Records from a data collection:
====

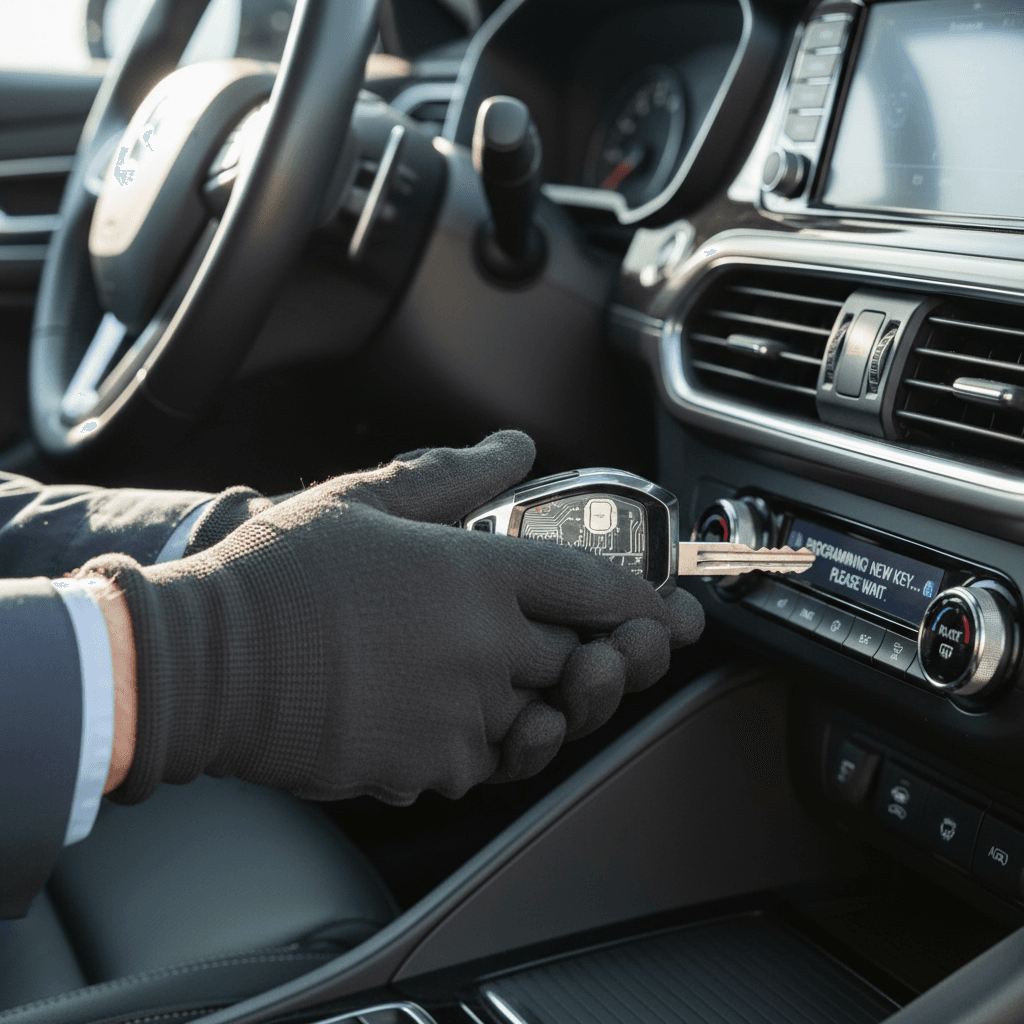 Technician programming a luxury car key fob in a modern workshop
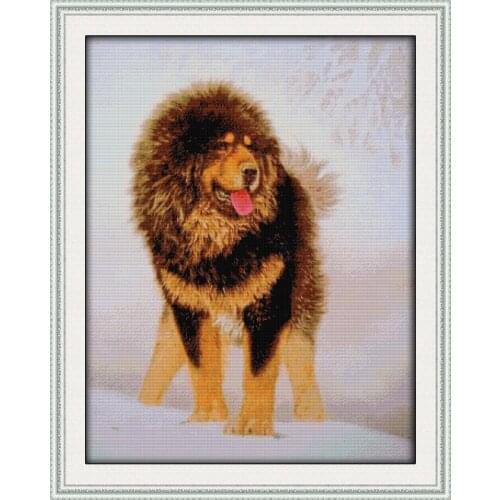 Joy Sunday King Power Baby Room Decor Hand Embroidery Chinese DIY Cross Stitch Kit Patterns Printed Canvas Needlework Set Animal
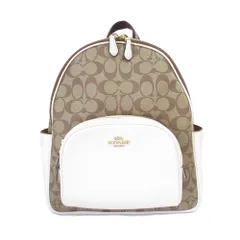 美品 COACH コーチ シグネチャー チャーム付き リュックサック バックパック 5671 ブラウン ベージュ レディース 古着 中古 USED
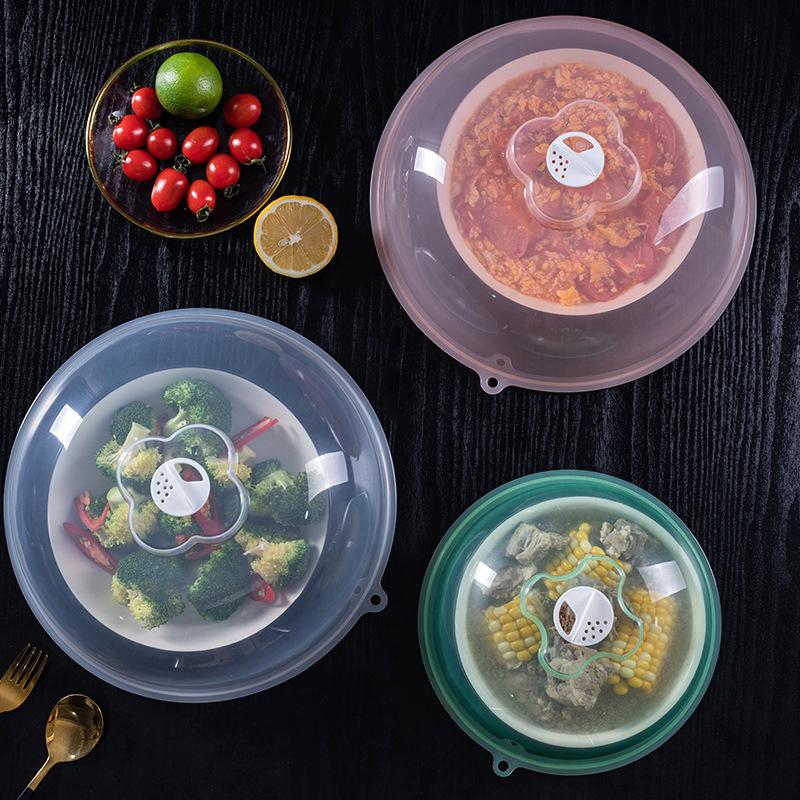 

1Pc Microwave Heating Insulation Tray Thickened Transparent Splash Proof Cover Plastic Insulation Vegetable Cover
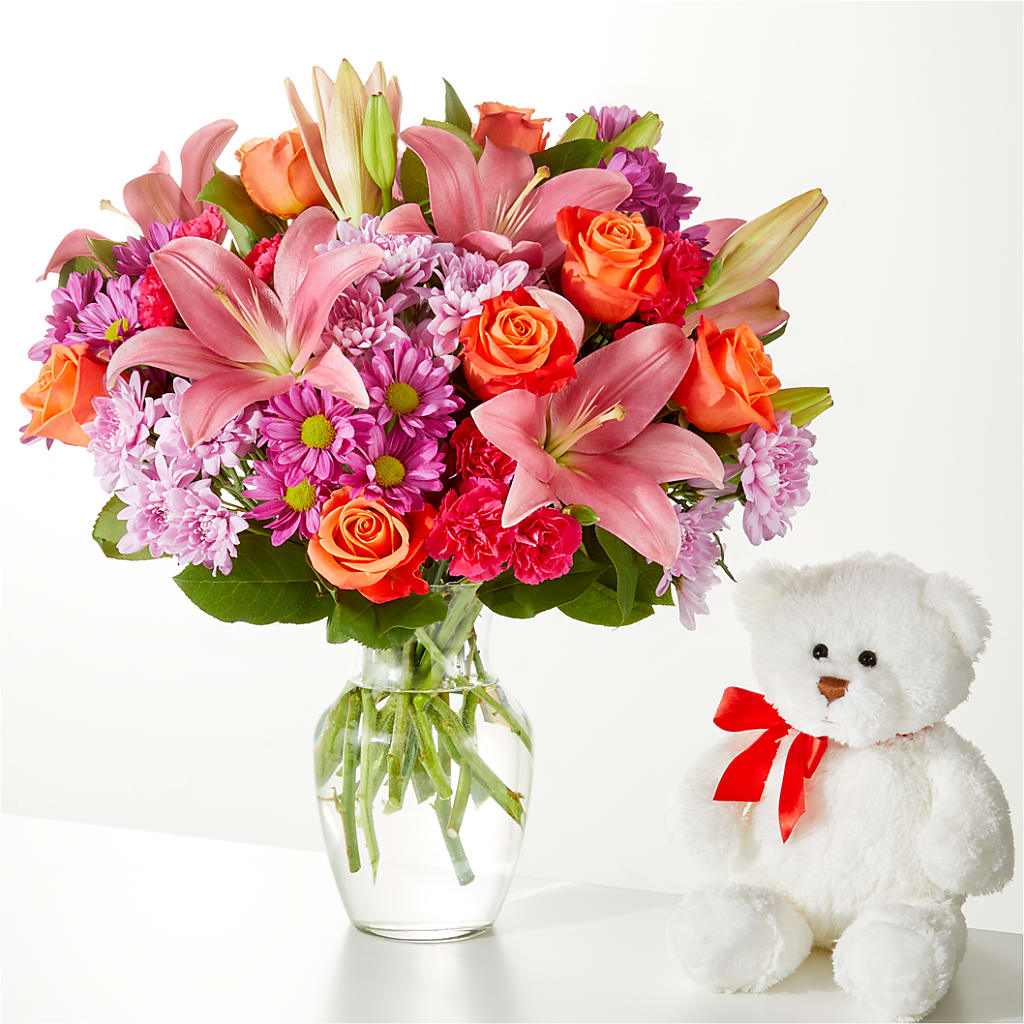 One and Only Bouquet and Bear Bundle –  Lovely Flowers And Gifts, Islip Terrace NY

====

▶ [Assignment] Copy out the data above exactly, except the pictures.

▶ [Answer to this task]
 Technician programming a luxury car key fob in a modern workshop
 Joy Sunday King Power Baby Room Decor Hand Embroidery Chinese DIY Cross Stitch Kit Patterns Printed Canvas Needlework Set Animal
 美品 COACH コーチ シグネチャー チャーム付き リュックサック バックパック 5671 ブラウン ベージュ レディース 古着 中古 USED

1Pc Microwave Heating Insulation Tray Thickened Transparent Splash Proof Cover Plastic Insulation Vegetable Cover
 One and Only Bouquet and Bear Bundle –  Lovely Flowers And Gifts, Islip Terrace NY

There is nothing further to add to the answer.